In theory, an escalation clause is fairly simple. In practice, there are a lot of details involved.
While escalation clauses vary significantly, the general escalation addendum has a few basic components:
- The buyer’s original offer price
- The maximum a buyer is willing to pay for the house in the event that the seller receives multiple offers on a house
- The amount a buyer’s offer will be escalated over competing offers
What is a typical escalation clause?
Here is an example of an escalation clause:
Buyer Brown offers $300,000 for a home or piece of real estate. Her real estate agent adds an escalation clause that, in the case of a higher competing offer, will increase Brown’s offer in increments of $2,000 above the competing offer.
Her escalation clause goes up to a maximum of $310,000. If no other offers are submitted, Brown’s offer remains at $300,000.
If Buyer Green offers the seller $303,000, then Brown’s offer would automatically escalate to $2,000 above that, bringing Brown’s offer to $305,000. If Buyer Orange offers $311,000 for the home, then Brown’s maximum of $310,000 will be exceeded, and Orange will have the top offer.
When homebuyers should use an escalation clause
Buyers might want to include an escalation clause in their offer when they are fairly confident that there will be multiple offers, which could fuel a bidding war that will drive up the price of the house. An escalation clause helps a buyer in a few different ways:
- If the seller receives multiple offers, an escalation clause can help a buyer hold on to a home they really want.
- An escalation clause shows a seller that a buyer is serious about the house, which could help make the buyer’s offer stand out.
- If a bidding war ensues, an escalation clause can keep a buyer from getting swept up in the frenzy and offering more than they can afford.

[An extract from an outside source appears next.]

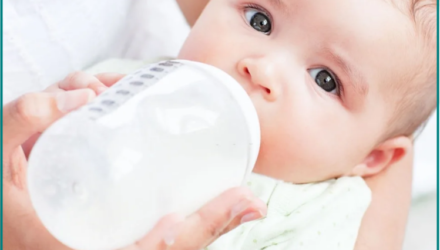 Как младенец может дышать и глотать одновременно?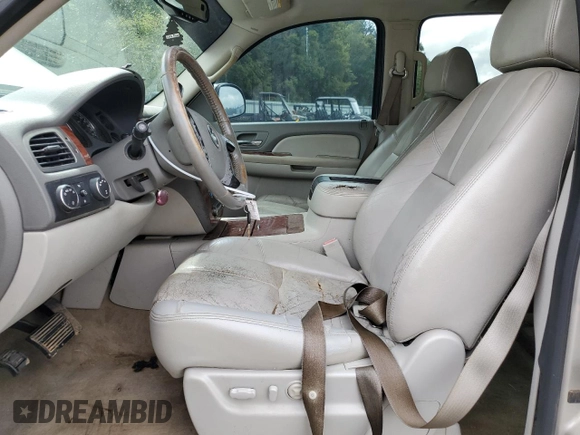 2008 Chevrolet Suburban LTZ with VIN 3GNFK16398G150750, listed as a Copart auction lot 70668964 with 281,440 mi miles and Salvage Title. Bid and sale history available at carsss.com. Image 7.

- If a buyer’s offer is accepted and ends up being the only offer submitted, it technically remains at its original price—a seller cannot counteroffer asking for more money.
Yet despite the many benefits of an escalation clause to buyers, it can present some downsides, too. Namely, buyers who submit an offer with an escalation clause are laying all their cards on the table: The seller knows immediately how far the buyer will go to secure the home.
As such, a seller who is presented with an escalation clause could counteroffer rather than accept, and ask for a higher price. While there’s no guarantee that the buyer will agree to pay more, it is likely that they will because they’ve already made it clear that they can.
Is an escalation clause a bad idea for the seller?
Home sellers generally favor an escalation clause for the following reasons:
- They are able to see a larger dollar amount (potentially) coming down the road.
- When a buyer opts to include an escalation clause with their bid, the seller sees right away that the buyer means business and truly wants the property.
- An escalation clause streamlines the contract paperwork and the decision-making process.
But there are drawbacks, too—namely the ability to negotiate the price. Once a seller accepts an offer with an escalation clause, no bargaining or counteroffers beyond that can take place. So while a buyer might be able to pay an ever higher price than what they’ve put in their escalation clause, if no other bid beats theirs, they have to pay only what their clause states.
Some home sellers simply state that they will not accept an offer with an escalation clause, since they’d prefer to see just how high the bidding will go.
Sellers might also lose out if the top price in the escalation clause is more than the amount for which the house is appraised by the bank issuing the buyer’s home loan. Banks, as a rule, don’t lend more money than the market value of any given home or piece of property.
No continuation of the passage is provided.